== Excerpted records ==

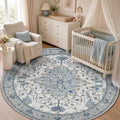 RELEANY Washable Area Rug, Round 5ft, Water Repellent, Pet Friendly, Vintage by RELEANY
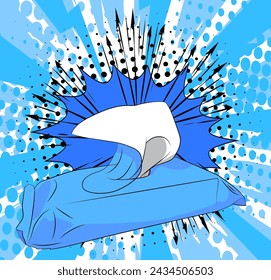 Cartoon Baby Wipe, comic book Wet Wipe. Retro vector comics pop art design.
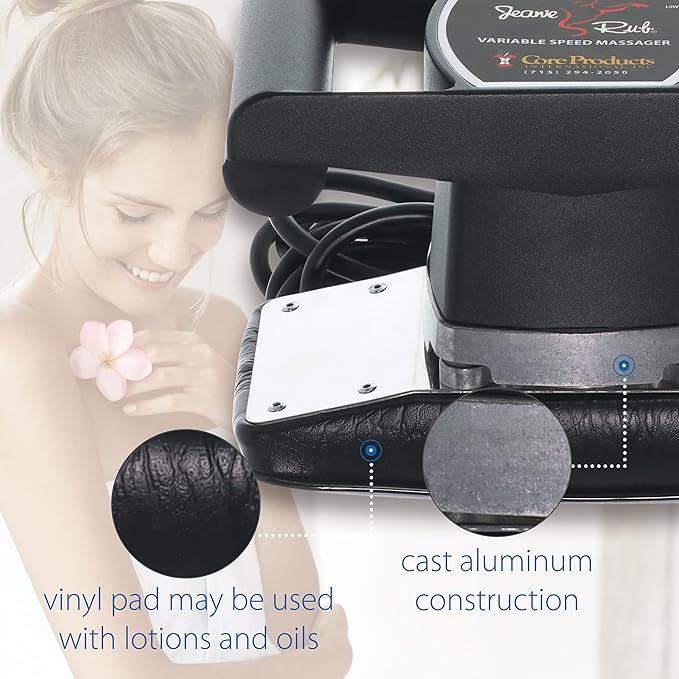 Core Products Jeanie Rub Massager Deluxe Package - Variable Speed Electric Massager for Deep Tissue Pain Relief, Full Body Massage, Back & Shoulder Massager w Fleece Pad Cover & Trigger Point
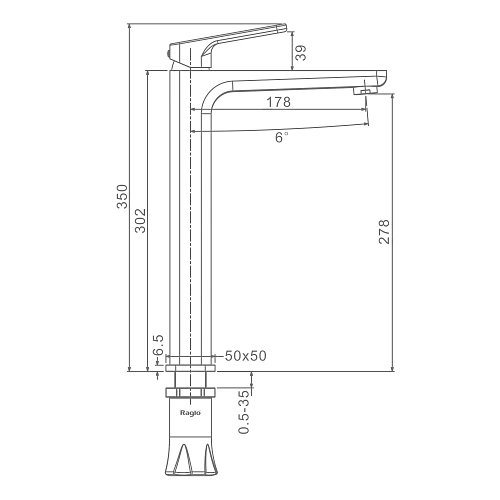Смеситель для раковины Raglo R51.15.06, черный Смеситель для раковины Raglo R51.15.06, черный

===
== Excerpted records ==

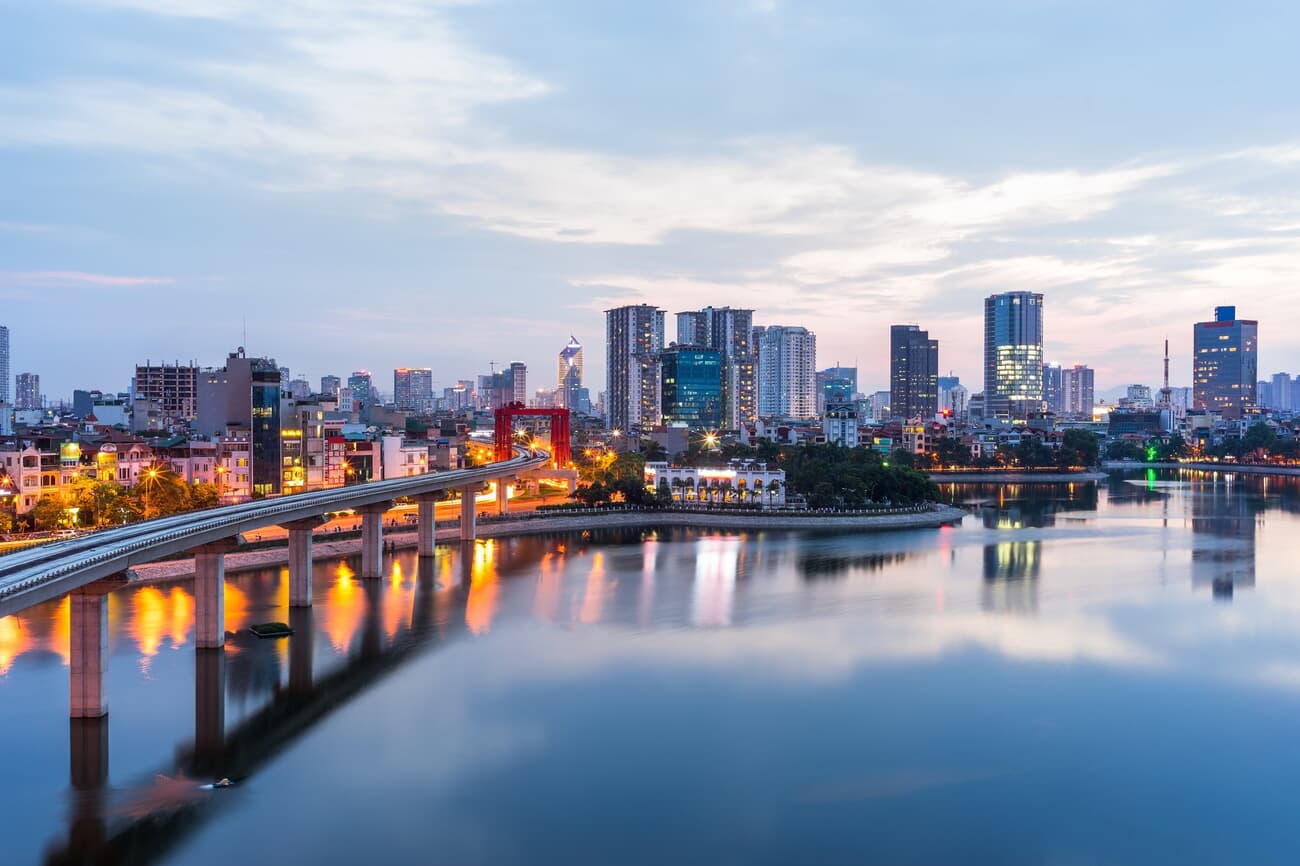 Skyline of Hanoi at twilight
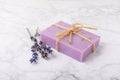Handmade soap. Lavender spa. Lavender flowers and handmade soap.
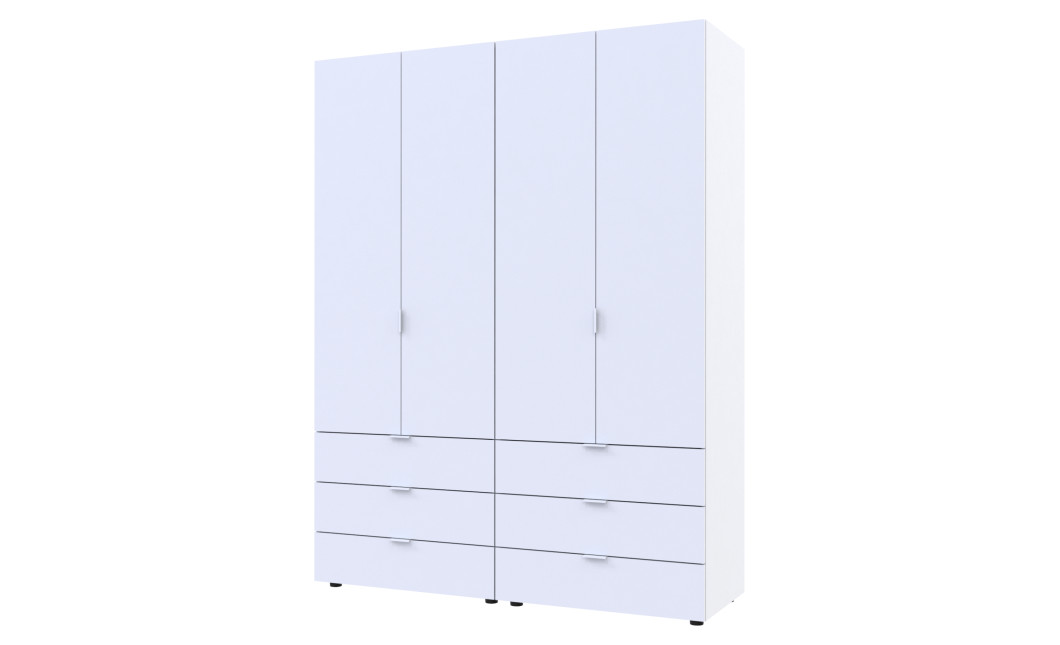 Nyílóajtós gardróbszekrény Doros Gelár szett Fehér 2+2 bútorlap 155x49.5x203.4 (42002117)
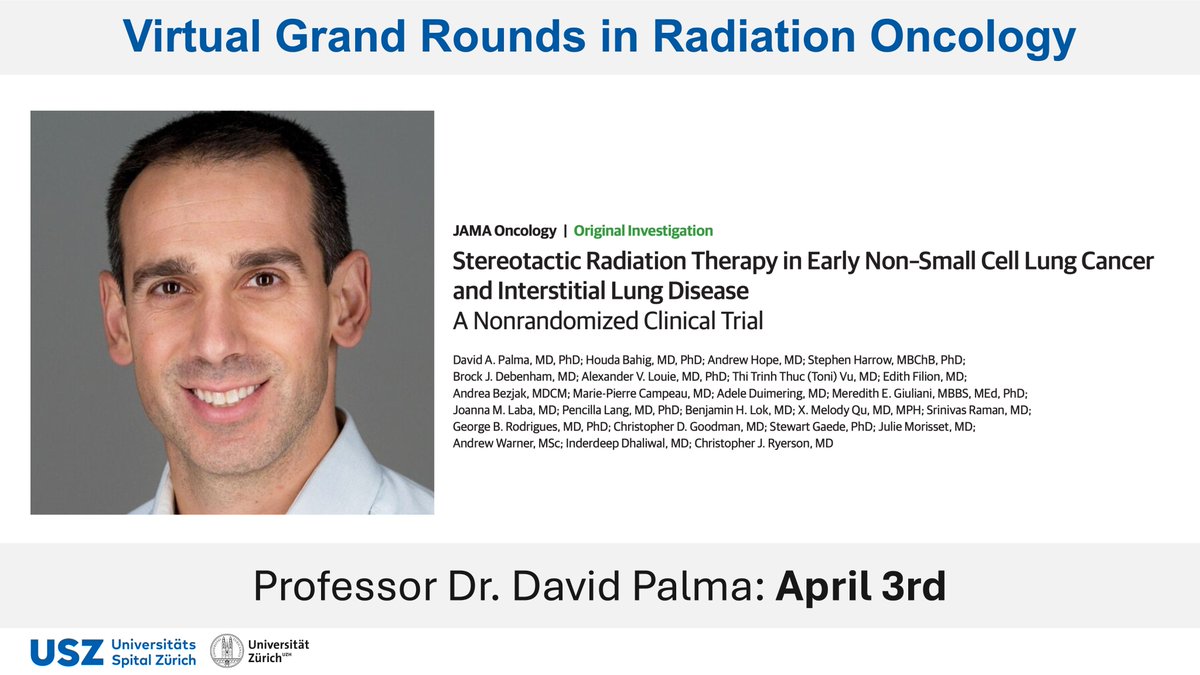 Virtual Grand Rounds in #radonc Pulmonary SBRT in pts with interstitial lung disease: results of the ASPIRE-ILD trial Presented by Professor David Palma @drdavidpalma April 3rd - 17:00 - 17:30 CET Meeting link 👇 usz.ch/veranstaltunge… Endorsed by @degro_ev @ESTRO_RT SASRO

===

== About this exercise ==
Starting with the line that has "RELEANY Washable Area" and ending with the line that has "Смеситель для раковины Raglo R51.15.06, черный Смеситель", repeat the lines above exactly, omitting every picture.

== Answer for this exercise ==
 RELEANY Washable Area Rug, Round 5ft, Water Repellent, Pet Friendly, Vintage by RELEANY
 Cartoon Baby Wipe, comic book Wet Wipe. Retro vector comics pop art design.
 Core Products Jeanie Rub Massager Deluxe Package - Variable Speed Electric Massager for Deep Tissue Pain Relief, Full Body Massage, Back & Shoulder Massager w Fleece Pad Cover & Trigger Point
Смеситель для раковины Raglo R51.15.06, черный Смеситель для раковины Raglo R51.15.06, черный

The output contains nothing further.